Loans or shares in your company?

Your new company needs working capital. You could provide it by buying more shares in it or you could lend it the cash. The latter might produce a quicker return on your money plus tax savings. How can you take advantage of these?

Company funding – shares

There are two main ways you can personally fund a company: by buying shares in it or lending it cash. One disadvantage of shares is that you might have to wait for a return on your investment. While your company can pay you dividends, it can only do so when it’s in profit. This might not be for a while if it’s a new business.

Company funding – loans

Alternatively, if you lend your company money it can pay you interest from the outset. Plus, loans are more flexible than dividends as you can get some or all of your money back without the need to cancel share capital, which could have detrimental tax consequences. Better still, there’s a possible tax advantage to lending to your company if you’re married or in a civil partnership.

Borrowing to lend

In theory the tax break also works if you have an unmarried “significant other” but it works better if you’ve tied the knot as your finances, by law, are closely tied. The arrangement will save tax where your spouse or partner pays tax at a lower rate than you. The idea is that your spouse or partner lends you money and charges you interest. You then lend the money to your company and charge it a similar rate of interest.

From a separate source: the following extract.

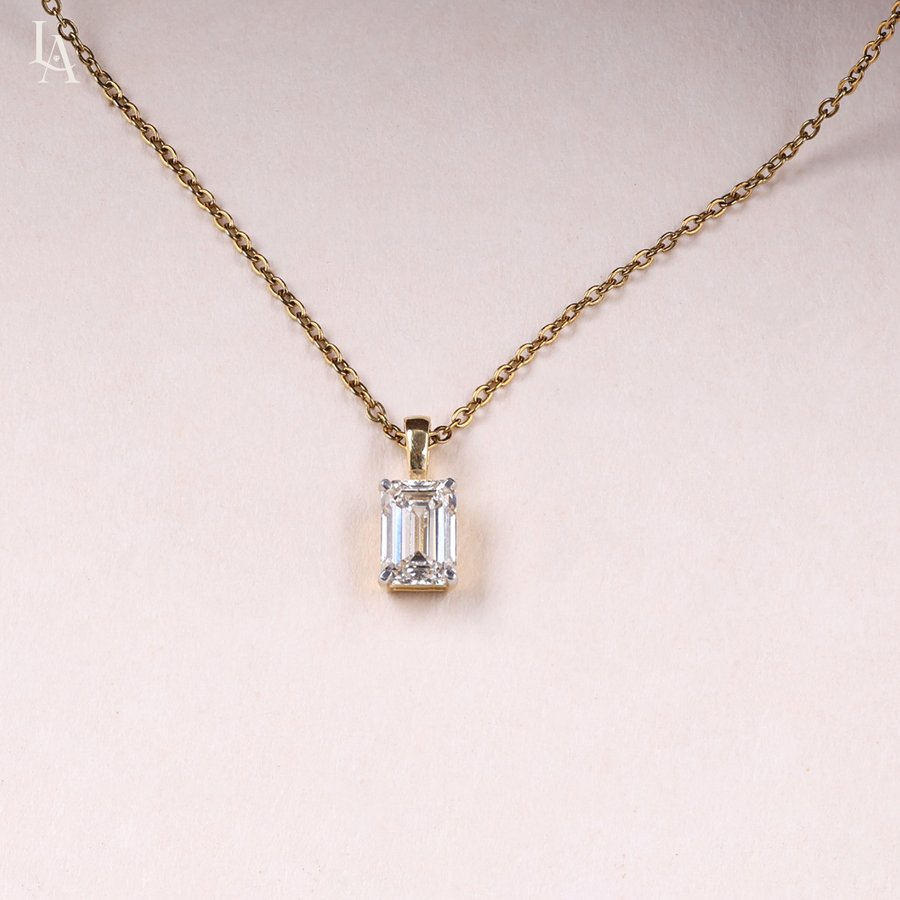 Emerald Cut Solitaire Diamond Pendant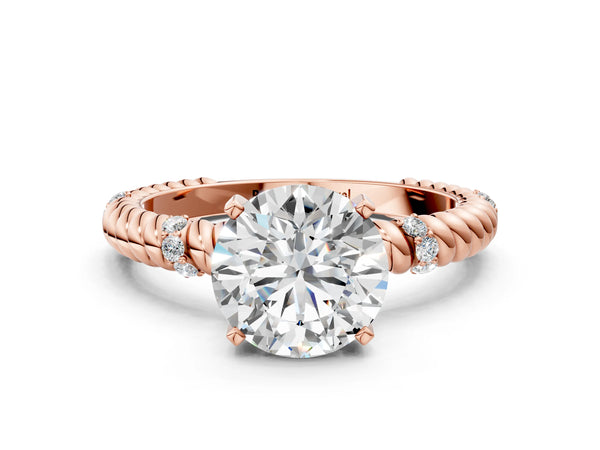 Rose gold Round Solitaire Twisted Band Prong Set Engagement Ring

Interest received and interest paid

The tax saving scheme relies on two rules. First, interest received is taxable and, second, interest paid on qualifying loans used to provide funds to buy equipment or for working capital for a trading company are tax deductible (see The next step ).

Example 1. Fred is a higher rate taxpayer, director and shareholder of Acom Ltd. It needs working capital to buy new equipment. Fred’s wife Ginger is a basic rate taxpayer. She makes an interest-free loan of £100,000 to Fred which he lends to Acom and charges interest at 7% per annum.

Fred is liable to tax of £2,800 (£7,000 x 40%) on the interest he receives from Acom. He pays no interest to Ginger and so there’s no tax relief for him to claim, even though his loan to Acom is a qualifying one. By changing the arrangement slightly a tax advantage can be achieved.

Example 2. If instead of an interest-free loan Ginger charges Fred the same rate that he charges Acom, i.e. 7%, the interest he pays her is tax deductible. Therefore, the taxable interest, £7,000, he receives from Acom equals the tax-deductible interest he pays to Ginger. The two cancel each other out so instead of paying tax of £2,800, Fred pays nothing.

Because Ginger’s loan to Fred isn’t a qualifying one she’ll have to pay tax on the interest she receives from him. The good news is that as a basic rate taxpayer Ginger’s tax bill is £1,400. The net result is a tax saving of up to £1,400. In fact, depending on her other income her tax bill might be less and so the tax saving even greater.